Longtime Elton John collaborator discusses his early artistic process and current work.
As a lyricist, Bernie Taupin has touched the hearts and imaginations of music fans across the world through songs such as "Your Song," "Candle In The Wind" and "We Built This City." But there's a lot more to Taupin than just his songwriting; he's also affected people with his poetry, vocalizing, and artwork.
"Beyond Words: An Exhibition Of Contemporary & Extraordinary Artworks By Famed Lyricist & Artist Bernie Taupin" is making the rounds at select art galleries, with a stop at Nashville's Rymer Gallery beginning March 30, running through April 7. Taupin will be appearing there on the final two days of the showing. Taupin says it's something that has been in his heart for years.
"I was always encouraged in my appreciation of art, literature, and music from an early age," he told Billboard in an exclusive interview. "My mother was very influential of that. It was something that I always have leaned toward. I don't think it was until I came to the States in the 1970s, and I traveled through New York a lot that I got privy to seeing all the museums and all the art that they had there. I would always be attracted to abstract expressionism – especially from the 40s and the 50s. It was something that just always appealed to me, and I really wanted to try my hand at."
However, his lifestyle limited how much he could work on his longtime passion. "I led a very transient life being on the road, and I hadn't put down any roots," says Taupin. "In order to create the kind of canvases that I envisioned that I wanted to do, I would have to find a place to settle down, experiment, and play around with it – to see if I was as good at it as I thought I might be and whether I felt it was worth doing."
A move to California in the early 1990s was just the creative spark he needed. "It became evident this was the kind of place where I could do it," he recalls. "Next to the house there was a complex, and I turned it in my studio, office, and visual arts studio too. There was a large racquetball court that I turned into my studio, and that was about 20 years ago – when I first got started in earnest. Then, about 10 years ago, I became acquainted with some people who really had an eye for what I was doing and encouraged me, and I went through a lot of changes trying to figure out what I wanted to do – like any artist does. I finally hit on something that appealed to me, which was encouraging. For the last couple of years, I've amassed enough back material that we've went on the road with it. It's like being in a band – just a visual thing as opposed to a sonic thing."
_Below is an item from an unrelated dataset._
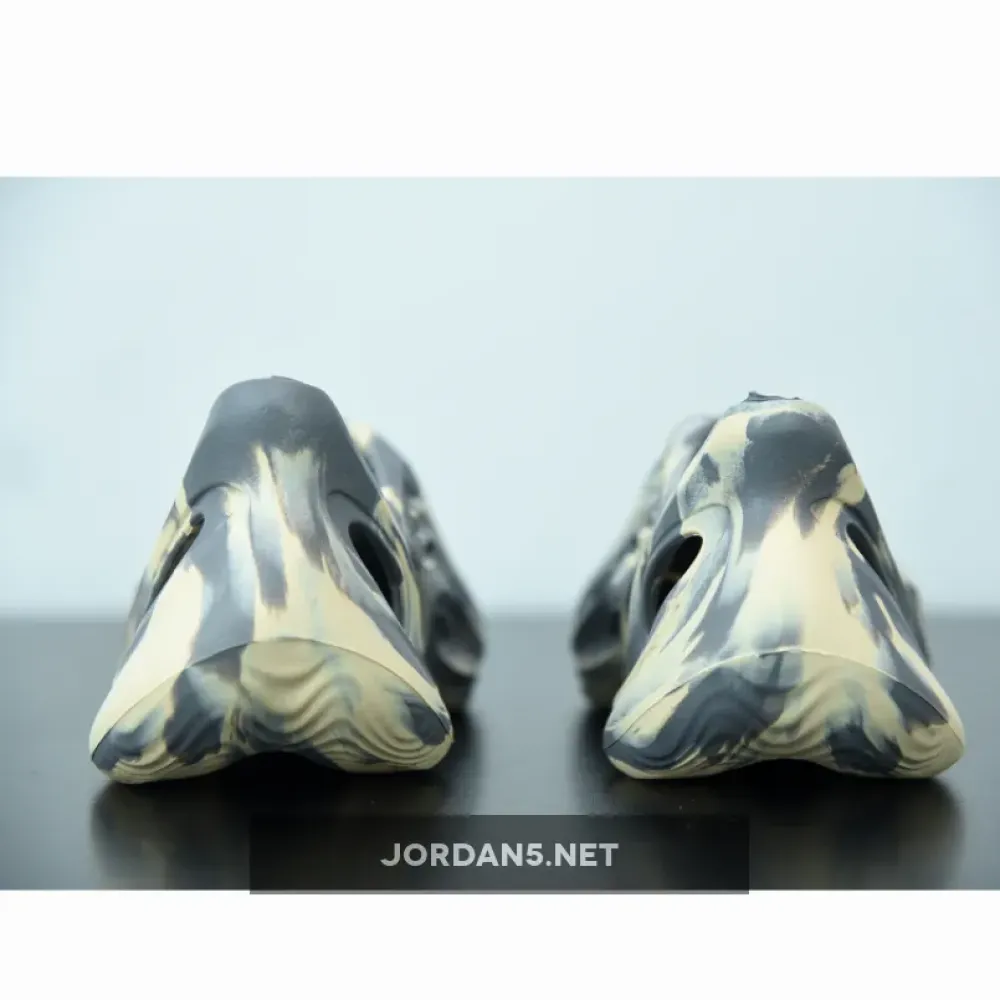 adidas Yeezy Foam Runner “MXT Moon Gray”  GV7904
He's anxious to bring his work to Music City. "It's exciting on a lot of different levels," says Taupin. "Number one, I love Nashville. It's one of my favorite places to visit. Obviously, I've got a lot of friends there. It's a musical and arts-oriented city, and that's attractive to me. The Rymer Gallery is a gallery that I have a lot of respect for. Jeff Rymer is a great guy, and he has a great eye for art. I appreciate that he wants to exhibit me in his space. We could do a larger retrospective of my work than we've done in the past, thanks to the size of his space."
Many artists feel the meaning of their art – music or canvas – is better left to the interpreter, and Taupin agrees. "Someone will come up to me and ask 'When you wrote so-and-so, what did you have in mind?' My feeling is that it's not important what I had in mind, but what you got out of it.' It's the same thing with abstract art. You have that cliched scene of people studying a picture, being totally befuddled by what it means. At the same time, it's drawing them in, and they're spending time with it. That's what's important, for people to look into something and draw their own conclusions from it."
"Beyond Words" will be on exhibit at the Rymer Gallery in Nashville from March 30-April 7.